The following figure illustrates the read access patterns of the shared
buffer mtxA.
mtxA
The following figure illustrates the read access patterns of the shared
buffer mtxB.
mtxB
As you can see, the mtxA of size 64*64(buffer_dimension) is
broken down into chunks of 4*16(tiling_dimension). The starting element to traverse within the buffer (offset) is {0,0} and the
traversing parameters describe how the buffer will be accessed (tile_traversal). The dimension of the traversing in this case is 0th and 1st
(dimension). In dimension 0, the distance in terms of
buffer element data type between consecutive inter-tile traversal is '16'(stride) and the number of tiles to access in this dimension is
'4'(wrap).
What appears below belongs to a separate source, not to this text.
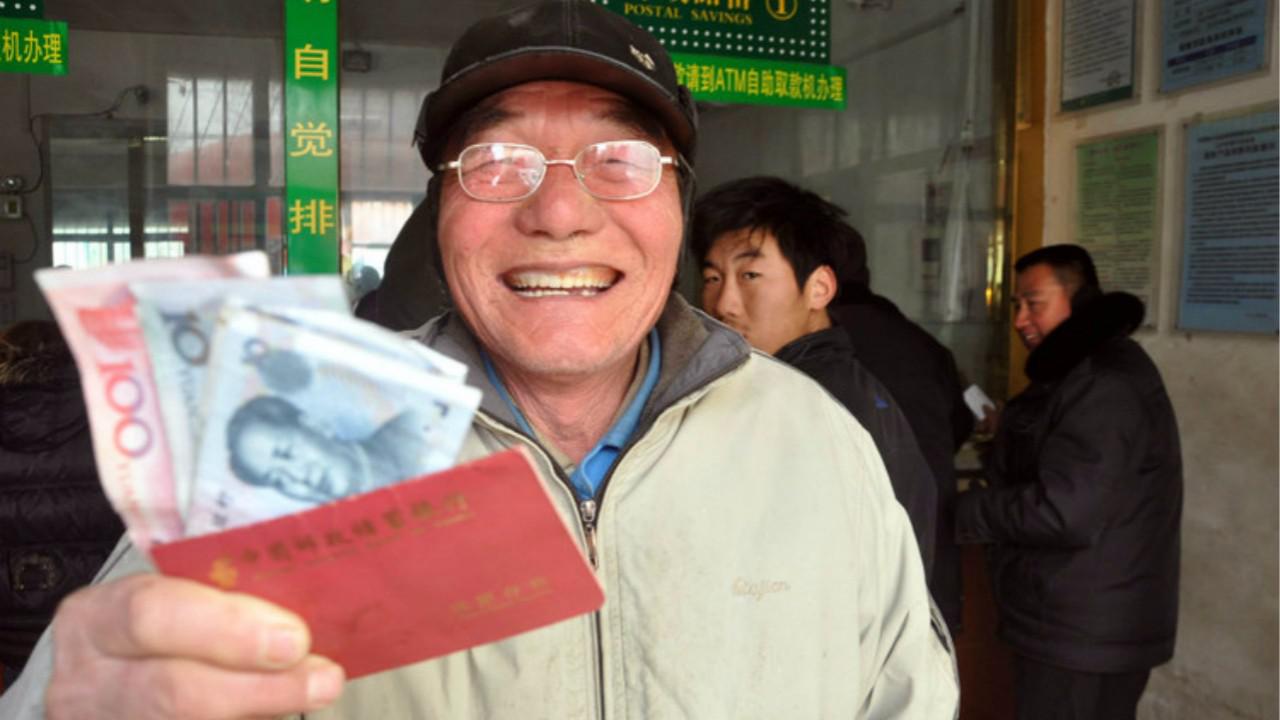 明年养老金或将上涨，专家回应，上调可能性较大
Similarly in dimension 1, stride is '4' and wrap is
'16'.
A similar explanation follows for the shared buffer mtxB.
The matrix multiplication output is written to the shared buffer mtxC, as shown in the below access pattern diagram.
mtxC
With the above data re-arranging in AI Engine-ML memory tile, the achieved
latency of the loop is around 2303 cycles, which is roughly 262144/2303 ~= 113 int8*int8 MACs per cycle.